The filing reflects scheduled vesting under previously granted equity awards rather than discretionary buying or selling. No new option grants, open-market purchases, or substantive disposals were disclosed.
Positive
- Net increase of 7,412 directly held shares after tax-related sale indicates insider maintains and grows equity stake.
- Large unvested RSU balance (≈100k shares) keeps management incentives aligned with long-term shareholder value.
Negative
- 4,084 shares sold (though for withholding) could be perceived as minor insider selling signal.
Insights
TL;DR: Routine RSU vesting; minimal sell-to-cover; neutral impact.

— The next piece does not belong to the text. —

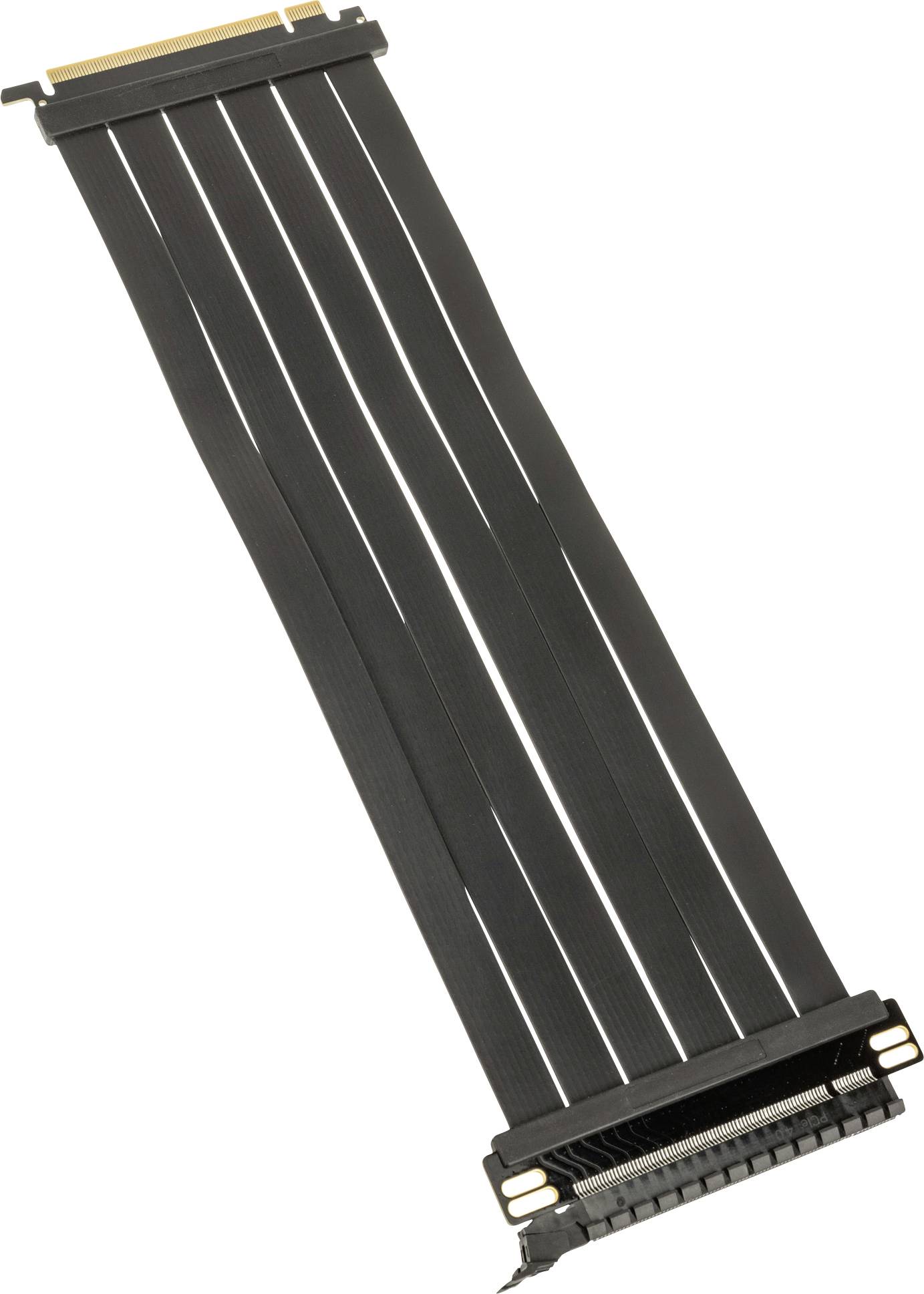 PCIe Riser Cable, black, rectangular. Adapter for vertical graphics card mounting in computer cases.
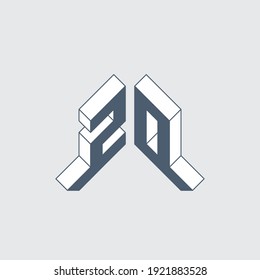 ZO or 2O - monogram or logotype. Volume alphabet. Three-dimension letter Z and number 0. Isometric 3d font for design. Number 20.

Woods’ Form 4 shows standard quarterly RSU vesting. The 4,084-share sale is tax-driven and represents <0.1% of PubMatic’s average daily volume, signalling no shift in sentiment. Retained ownership rises by roughly 7,400 net shares, and sizable unvested RSU inventory aligns incentives with shareholders. Absent discretionary selling or new equity grants, the filing is considered operationally neutral and offers limited investment signal.
Insider Trade Summary
| Type | Security | Shares | Price | Value |
|---|---|---|---|---|
| Sale | Class A Common Stock | 4,084 | $12.5633 | $51K |
| Exercise | Restricted Stock Unit | 4,039 | $0.00 | -- |
| Exercise | Restricted Stock Unit | 1,251 | $0.00 | -- |
| Exercise | Restricted Stock Unit | 3,397 | $0.00 | -- |
| Exercise | Restricted Stock Unit | 2,809 | $0.00 | -- |
| Exercise | Class A Common Stock | 11,496 | $0.00 | -- |
Footnotes (1)
- The sales reported on this Form 4 represent shares sold by the Reporting Person to cover tax withholding obligations in connection with the vesting and settlement of restricted stock units ("RSUs"). The sales were to satisfy tax withholding obligations to be funded by a "sell to cover" transaction. The price reported in this line item is a weighted average price. These shares were sold as part of block trades for multiple security holders of the Issuer at prices ranging from $12.23 to $12.71, inclusive. The Reporting Person undertakes to provide to the Issuer, any securityholder of the Issuer or the staff of the Securities and Exchange Commission, upon request, full information regarding the number of shares sold at each separate price within the range set forth herein with regard to the block trades. Each RSU represents a right to receive one share of the Issuer's Class A Common Stock at the time of settlement for no consideration. The RSUs vested as to 1/4 of the total award on October 1, 2023 and 1/16th of the RSUs will vest quarterly thereafter, subject to the Reporting Person's provision of service to the Issuer on each vesting date. RSUs do not expire; they either vest or are canceled prior to the vesting date. The RSUs vested as to 1/16th of the total award on April 1, 2023, and 1/16th of the total shares will vest quarterly thereafter, subject to the Reporting Person's provision of service to the Issuer on each vesting date. The RSUs vest as to 1/16th of the total shares on April 1, 2024, and 1/16th of the total shares will vest quarterly thereafter, subject to the Reporting Person's provision of service to the Issuer on each vesting date. The RSUs vest as to 1/16th of the total shares on April 1, 2025, and 1/16th of the total shares will vest quarterly thereafter, subject to the Reporting Person's provision of service to the Issuer on each vesting date.